During his recent podcast, Ryback talked about the WWE Wellness policy and here are a few highlights:
On how the WWE Wellness policy works: “As far as I know nothing has probably changed on that, because it was all through Aegis, the third party. They’re working with WWE and their Doctor Black, where it was always multiple times a year, they’d just show up. Every once in a blue moon on a live event, like on a Friday. Typically though, it’d be on a TV [day[, Monday or Tuesday. You get to the building and [Mark] Carrano has his little coral of referees. They’d always tell you, ‘Yeah, you’ve gotta go see Mark, you need — drug testers are here.’ And which, I would always say, ‘Yeah, I’m gonna go eat first,’ because you get to the building after working out, you go and get some food. They try to get you in there really quickly though. And they corral you into the Talent Relations, and you all sit down in a big group in there. And you’re just drinking waters to wait until you have to piss. And eventually after I was there I just would do my own thing. I would go eat and get unpacked, get situated. I’d drink some water so that when I went in there I already had to piss. They get it; you get your ID, they do the whole check deal, the paperwork. And then you go to the bathroom and you pull your pants down to your ankles and you lift your shirt up and show the guy your t*ts, show him your d**k, and then you piss right in front of him. It’s really a — it’s a really annoying process in the grand scheme of things, because the people that get into that are f**king weirdos to begin with. And I mean, in all seriousness, it’s an odd job to get into…”
“And again, it’s all a cover by WWE to protect themselves. And there’s all this stuff — it’s not an enjoyable process, it is what it is. You know what you signed up for when you go there, you do it. But as far as I know, that’s what it is.”

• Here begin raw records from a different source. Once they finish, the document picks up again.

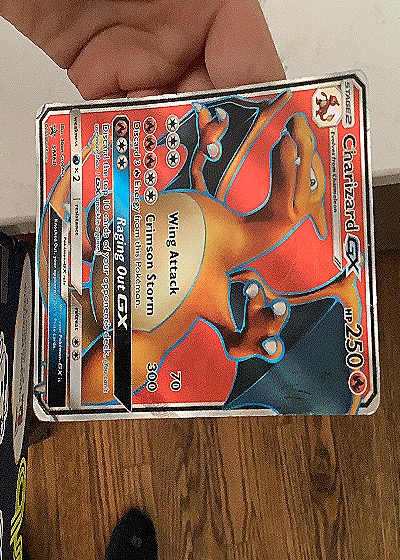 2017 Pokémon SM Black Star Promo #SM60 Charizard GX — front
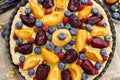 Sweet tart with peaches, plums and blueberries Royalty Free Stock Photo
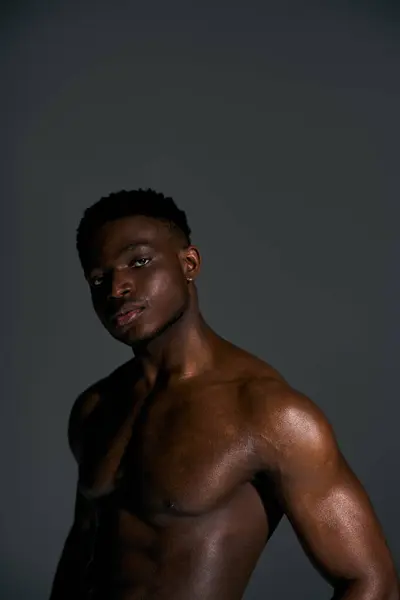 A young handsome african american man showcases his toned physique, striking a pose against a dark background. His confident gaze and subtle shine enhance the artistic ambiance of the moment. — Stock Photo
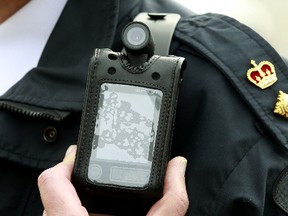 An Edmonton Police office wears a body-mounted video camera. (QMI Agency files)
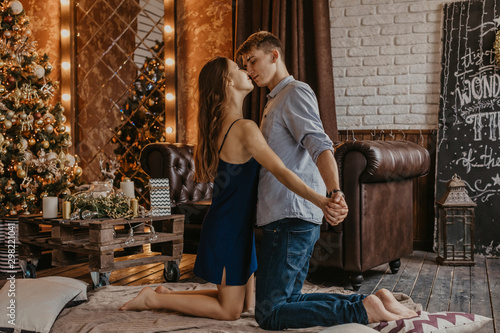 Romantic couple in love feeling happiness about their romance spending christmas eve together- Image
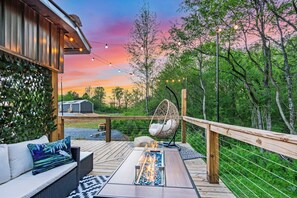 A deck with outdoor seating, a hanging chair, and a fire feature.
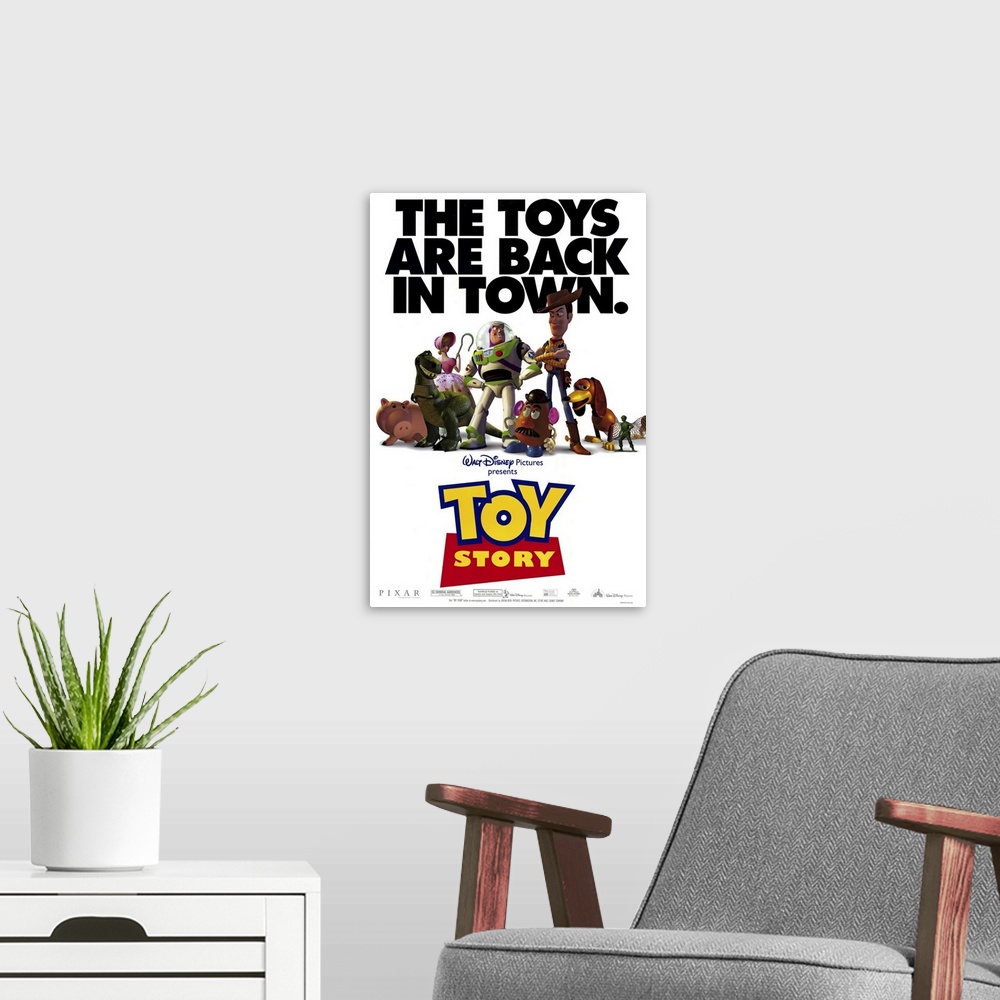 A modern room featuring Movie poster for Toy Story with all of the popular toys in the center of the poster and the text ...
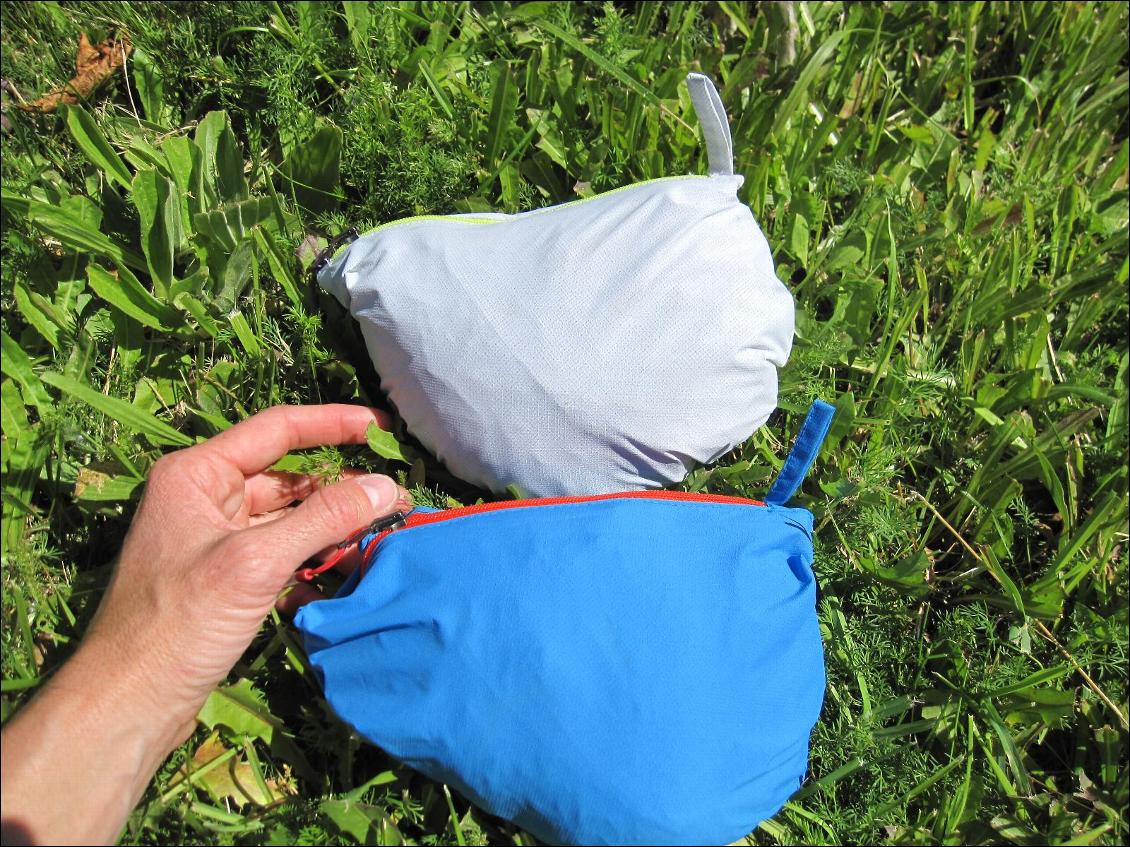 Les Helium Rain rangées dans leur housse (homme en bleu, femme en blanc), on voit l'anneau de tissu qui permet une attache facile au baudrier, au sac à dos, etc.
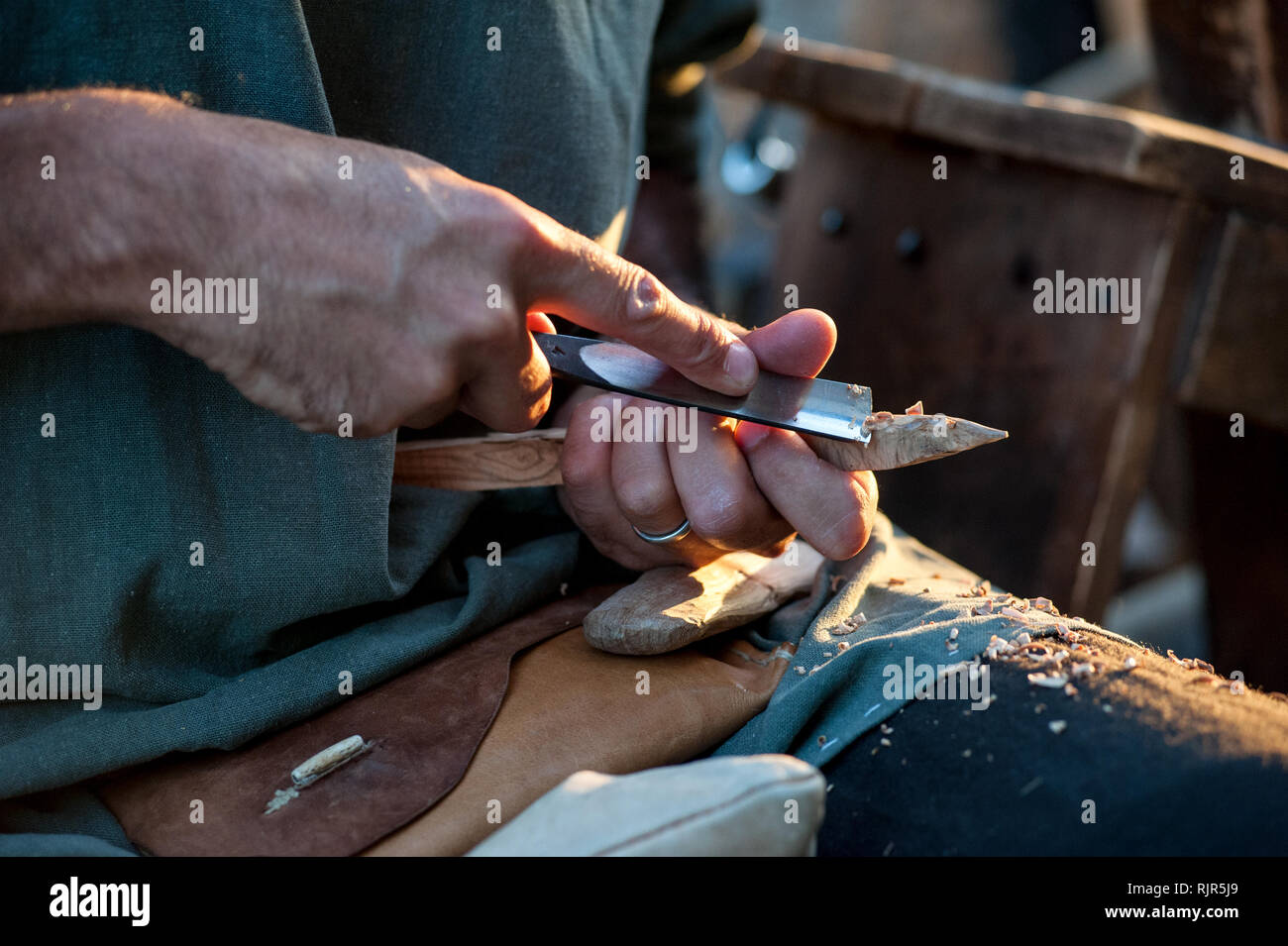 L'artisan aiguise un bâton de bois, avec une lame tranchante Banque D'Images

On his claim that Triple H isn’t tested: “Hunter, there’s no way. And if he is, he’ll do one as a publicity stunt. Hunter’s whole career has been made on steroids. That’s f**king — I grew up watching the guy. Without them, he doesn’t exist in pro wrestling. And I grew up loving him as one of my favorites, and that’s what it is. It is very biased what they do there and all that. But the policy in and of itself, I love it. I wish they had strict drug-testing policies in all of wrestling.”